I am parsing through an ISI file with a few hundred records that all begin with a 'PT J' tag and end with an 'ER' tag. I am trying to pull the tagged info from each record within a nested loop but keep getting an IndexError. I know why I am getting it, but does anyone have a better way of identifying the start of new records than checking the first few characters?

    while file:
        while line[1] + line[2] + line[3] + line[4] != 'PT J':
            ...                
            Search through and record data from tags
            ...

I am using this same method and therefore occasionally getting the same problem with identifying tags, so if you have any suggestions for that as well I would greatly appreciate it!

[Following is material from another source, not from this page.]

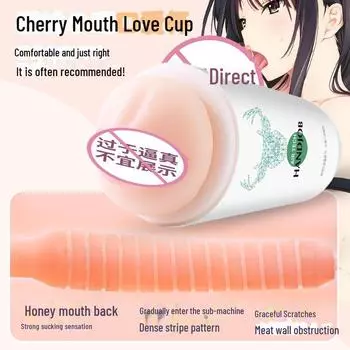 LILO Мужской мастурбационный стаканчик - молочный чай, в стиле самолета, вагинальная и анальная симуляция, игрушка для взрослых, упаковка 60 штук Model B - Red - Vaginal Cup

Sample data, which you'll notice does not always include every tag for each record, is:

    PT J
    AF Bob Smith
    TI Python For Dummies
    DT July 4, 2012
    ER

    PT J
    TI Django for Dummies
    DT 4/14/2012
    ER

    PT J
    AF Jim Brown
    TI StackOverflow
    ER
MTP
  • 387
  • 1
  • 3
  • 8
  • I would like to point out that I am converting this to a .txt as well before reading it. – MTP Jul 06 '12 at 02:47

3 Answers3

3
with open('data1.txt') as f:
    for line in f:
        if line.strip()=='PT J':
            for line in f:
                if line.strip()!='ER' and line.strip():
                    #do something with data
                elif line.strip()=='ER':
                     #this record ends here move to the next record
                     break
Ashwini Chaudhary
  • 244,495
  • 58
  • 464
  • 504
  • I think I see what's going on here, however, how would I access different lines to manipulate or test them? Since line is acting as an iterator, we can't say within the nested 'if' statement something to the effect of line=file.readline() What would replace the line=file.readline() to allow me to get to specific lines??? I ask because in some instances there are multiple entities per tag. – MTP Jul 07 '12 at 03:54
2

Do the 'ER' lines only contain 'ER'? That would be why you're getting IndexErrors, because line[4] doesn't exist.

The first thing to to try would be:

while not line.startswith('PT J'):

instead of your existing while loop.

Also, slices:

line[1] + line[2] + line[3] + line[4] == line[1:5] 

(The ends of slices are noninclusive)

Marius
  • 58,213
  • 16
  • 107
  • 105
0

You could try an approach like this to read through your file.

with open('data.txt') as f:
    for line in f:
        line = line.split() # splits your line into a list of character sequences
                            # separated based on whitespace (blanks, tabs)
        llen = len(line)
        if llen == 2 and line[0] == 'PT' and line[1] == 'J': # found start of record
           # process
           # examine line[0] for 'tags', such as "AF", "TI", "DT" and proceed
           # as dictated by your needs. 
           # e.g., 

        if llen > 1 and line[0] == "AF": # grab first/last name in line[1] and line[2]

           # The data will be on the same line and
           # accessible via the correct index values.

        if lline == 1 and line[0] == 'ER': # found end of record.

This definitely needs more "programming logic" (most likely embedded loops, or better yet, calls to functions) to put everything in the right order/sequence, but the basic constructs are there and I hope will get you started and gives you some ideas.

Levon
  • 138,105
  • 33
  • 200
  • 191